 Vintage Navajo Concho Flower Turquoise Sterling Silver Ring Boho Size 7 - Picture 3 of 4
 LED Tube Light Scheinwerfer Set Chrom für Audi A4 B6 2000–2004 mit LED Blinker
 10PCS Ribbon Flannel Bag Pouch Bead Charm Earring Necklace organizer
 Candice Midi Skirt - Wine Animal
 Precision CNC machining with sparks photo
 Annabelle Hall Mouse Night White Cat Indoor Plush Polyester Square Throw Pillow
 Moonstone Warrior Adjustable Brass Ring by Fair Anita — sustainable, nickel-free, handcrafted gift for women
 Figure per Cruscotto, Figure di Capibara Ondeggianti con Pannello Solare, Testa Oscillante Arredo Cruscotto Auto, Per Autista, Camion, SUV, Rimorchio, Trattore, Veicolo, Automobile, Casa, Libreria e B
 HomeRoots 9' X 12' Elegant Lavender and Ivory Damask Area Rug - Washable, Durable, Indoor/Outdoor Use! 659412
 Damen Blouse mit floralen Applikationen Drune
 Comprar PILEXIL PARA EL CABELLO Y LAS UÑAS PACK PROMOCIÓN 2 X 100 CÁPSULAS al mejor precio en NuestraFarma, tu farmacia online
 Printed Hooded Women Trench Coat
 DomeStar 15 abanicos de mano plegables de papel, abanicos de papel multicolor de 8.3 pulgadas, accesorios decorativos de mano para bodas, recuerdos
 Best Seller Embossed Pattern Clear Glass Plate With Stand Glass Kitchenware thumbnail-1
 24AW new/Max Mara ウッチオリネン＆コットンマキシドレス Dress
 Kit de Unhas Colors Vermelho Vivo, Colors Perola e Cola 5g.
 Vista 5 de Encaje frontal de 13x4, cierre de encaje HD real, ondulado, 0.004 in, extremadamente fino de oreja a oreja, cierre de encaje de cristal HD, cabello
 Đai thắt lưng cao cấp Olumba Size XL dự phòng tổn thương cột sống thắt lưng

-------------------------

▶ [Task goal]: Transcribe the listing. Every line must match exactly.

▶ [Result]:
 Vintage Navajo Concho Flower Turquoise Sterling Silver Ring Boho Size 7 - Picture 3 of 4
 LED Tube Light Scheinwerfer Set Chrom für Audi A4 B6 2000–2004 mit LED Blinker
 10PCS Ribbon Flannel Bag Pouch Bead Charm Earring Necklace organizer
 Candice Midi Skirt - Wine Animal
 Precision CNC machining with sparks photo
 Annabelle Hall Mouse Night White Cat Indoor Plush Polyester Square Throw Pillow
 Moonstone Warrior Adjustable Brass Ring by Fair Anita — sustainable, nickel-free, handcrafted gift for women
 Figure per Cruscotto, Figure di Capibara Ondeggianti con Pannello Solare, Testa Oscillante Arredo Cruscotto Auto, Per Autista, Camion, SUV, Rimorchio, Trattore, Veicolo, Automobile, Casa, Libreria e B
 HomeRoots 9' X 12' Elegant Lavender and Ivory Damask Area Rug - Washable, Durable, Indoor/Outdoor Use! 659412
 Damen Blouse mit floralen Applikationen Drune
 Comprar PILEXIL PARA EL CABELLO Y LAS UÑAS PACK PROMOCIÓN 2 X 100 CÁPSULAS al mejor precio en NuestraFarma, tu farmacia online
 Printed Hooded Women Trench Coat
 DomeStar 15 abanicos de mano plegables de papel, abanicos de papel multicolor de 8.3 pulgadas, accesorios decorativos de mano para bodas, recuerdos
 Best Seller Embossed Pattern Clear Glass Plate With Stand Glass Kitchenware thumbnail-1
 24AW new/Max Mara ウッチオリネン＆コットンマキシドレス Dress
 Kit de Unhas Colors Vermelho Vivo, Colors Perola e Cola 5g.
 Vista 5 de Encaje frontal de 13x4, cierre de encaje HD real, ondulado, 0.004 in, extremadamente fino de oreja a oreja, cierre de encaje de cristal HD, cabello
 Đai thắt lưng cao cấp Olumba Size XL dự phòng tổn thương cột sống thắt lưng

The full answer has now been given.